Last month, Washington said it was considering expanding restrictions on US investment in sensitive technologies in China.

But Beijing this week has also touted its confidence in advancing no matter the barriers.

“Be it space science or chip making, unjustified external suppression has never stopped,” Chinese Foreign Minister Wang Yi told reporters Friday. “But where there is blockade, there is breakthrough; where there is suppression, there is innovation.”

“We are witnessing an ever-expanding horizon for China to become a science and technology powerhouse,” he said.

US President Donald Trump, pictured here in the White House's oval office, has made tariffs a cornerstone of his economic policy.

The Trump threat?

How much Trump’s policies will challenge China remains an open and urgent question for Beijing.

The US president has refrained so far from slapping Chinese imports with the blanket 60% or more tariffs that he had threatened on the campaign trail.

He’s been focused elsewhere, including on unleashing sweeping changes to US global leadership by decimating US foreign assistance, threatening to take control of other countries’ sovereign territory, and upending US alliances in Europe, while pulling closer to Russia at the expense of Ukraine.

There are potential risks for Beijing in that shake-up. For example, if a Washington-Moscow rapprochement pulls Xi away from Russian President Vladimir Putin, his closest ally, or if an American dial-down of security in Europe allows it to ramp up attention on Asia.
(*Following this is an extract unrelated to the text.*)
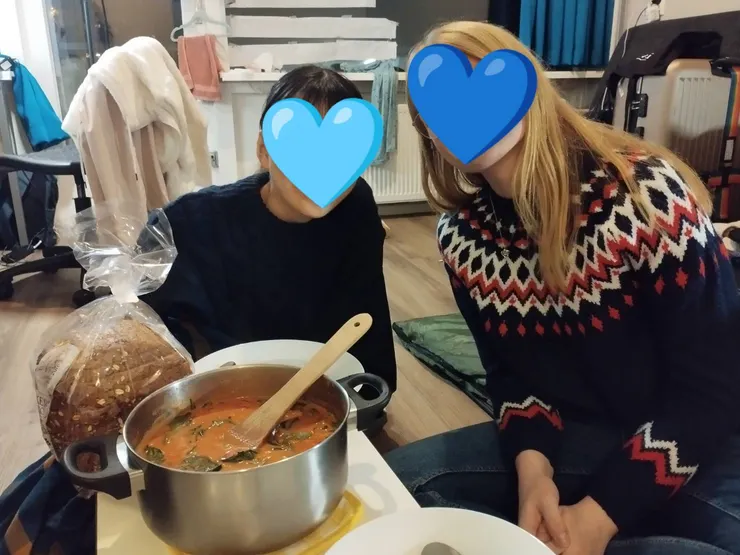 真的很亂的房間，以及燦爛（但想說還是遮一下）的笑容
But Chinese diplomats have also been taking advantage of the changes to play up their country as a responsible and stable global leader, despite criticisms of Beijing’s own aggressive behavior in Asia.
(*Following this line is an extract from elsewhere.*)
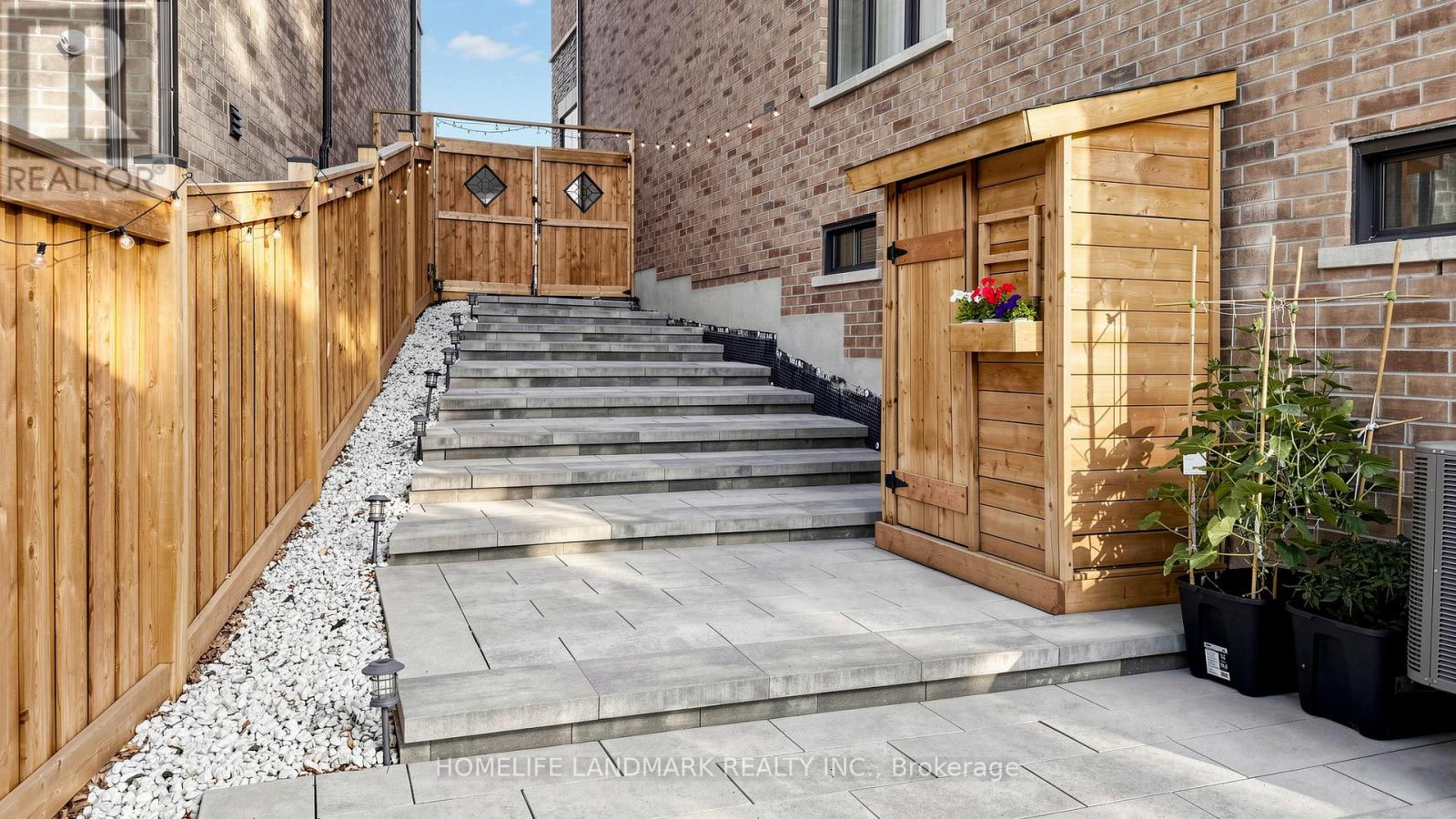 567 New England Court, Newmarket, Ontario  L3X 0M5 - Photo 40 - N13508578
“A big country should honor its international obligations and fulfill its due responsibilities. It should not put selfish interests before principles, still less should it wield the power to bully the weak,” Foreign Minister Wang Yi said on Friday in response to a question from CNN on Trump’s “America First” policy. China “resolutely opposes power politics and hegemony,” Wang added.
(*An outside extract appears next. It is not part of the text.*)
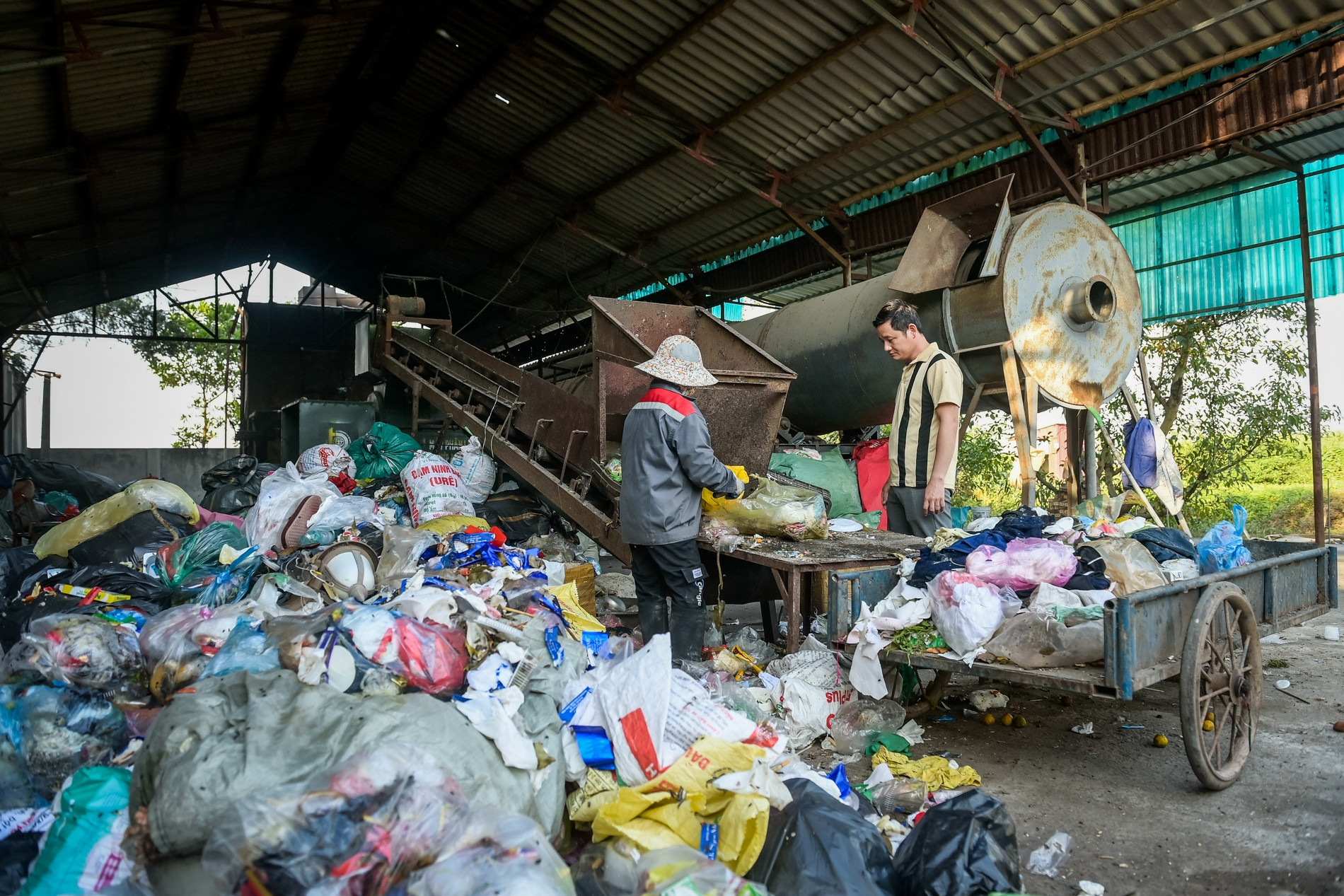 Câu chuyện phía sau cỗ máy phân loại rác 'made in Việt Nam’ ở Ninh Bình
When it comes to tariffs, observers say Beijing is trying to moderate its response, holding out for a potential meeting between Xi and Trump or perhaps even a deal that could avert an escalating trade war.

A tanker carrying liquefied natural gas sails into a port eastern China's Shandong province last month.

While China immediately retaliated against two sets of US tariffs this year, including with levies on US energy and key agricultural goods, it has remained measured in its reprisals.

The country’s deficit with the US means it will have less room to hit back if a trade war escalates, but Beijing is expected to be calculating other measures like export controls that it could use for leverage.

And the view from some parts is that even if tariffs cause the Chinese economy short-term pain, it will be the US which loses in the long run. China is still an indispensable part of global supply chains. It’s also better prepared to weather this trade war than the last one, because it’s sending goods to more markets globally now, data show.

“If you play (imposing tariffs) with a peer competitor, it actually would not work that well compared to if you’re doing this with small countries or medium powers,” said Zhou in Beijing, who is also the author of the forthcoming book “Should the World Fear China?”.

China, he said, wants cooperation not friction.

“But since the US is still the stronger side in this relationship, (it will) decide which kind of relationship this is … so China has to say ‘OK – if this has to be to be one of competition, then we must dare to fight,’” he said.